The World Future Society (WFS) has been around for a long time. Long enough to host its 50th annual conference in Washington DC from July 23 – 25, 2016. It is arguably the world’s best known community of futurists and futures-focused organisations who are constantly seeking to redraw the contours of the world of tomorrow. As a member of the World Futures Organisation, I have seen the contours of the horizon getting reframed by friends and industry colleagues from the community.
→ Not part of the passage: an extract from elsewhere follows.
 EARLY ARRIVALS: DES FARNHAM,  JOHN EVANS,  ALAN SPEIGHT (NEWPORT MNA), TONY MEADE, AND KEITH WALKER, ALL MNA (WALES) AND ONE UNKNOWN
The Futurist, a bimonthly magazine that was published by WFS from 1967 to 2015, was eagerly looked forward to with writings from people like Alvin and Heidi Toffler, Buckminster Fuller, Frederik Pohl, Isaac Asimov, Vaclav Havel, Margaret Mead, Robert McNamara, B.F Skinner, Nicholas Negroponte, Arthur C. Clarke, Douglas Rushkoff, David Walker, Glenn T. Seaborg, Clay Shirky, Robert James Woolsey, and Ray Kurzweil.
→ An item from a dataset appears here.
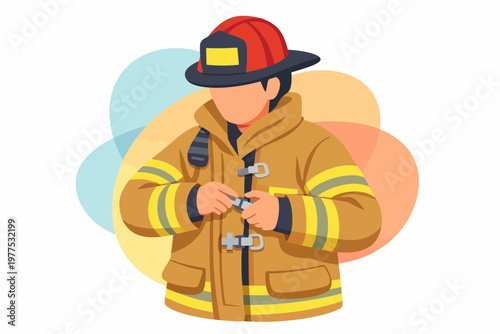 Firefighter in Protective Turnout Gear Illustration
The conference in Washington DC was an eclectic combination of people, topics, and ideas—ideas that challenge status quo and seek to redraw the horizon of the future. The arguments—from moonshots and beyond to resurrecting the ‘human’ inside us—sparked off intense conversations about how the future would perhaps look like. These arguments touched on neurosciences, artificial intelligence, learning, the dilemmas in ethics and governance as technology redraws new boundaries and, of course, how the future will look like for work in itself. All of it delectable fare, so much so that time melted away as I was glued to the sessions.
An array of superlative keynotes and a giant palette of breakout sessions with adequate spaces to converse and make collective meaning, made it an experience to remember. The collection of tweets below will give you an idea of the event. We need to speak and delve more on the ideas that emerge from here. We need to spend more time talking about and working on our futures. After all, it is where we are going to spend the rest of our lives.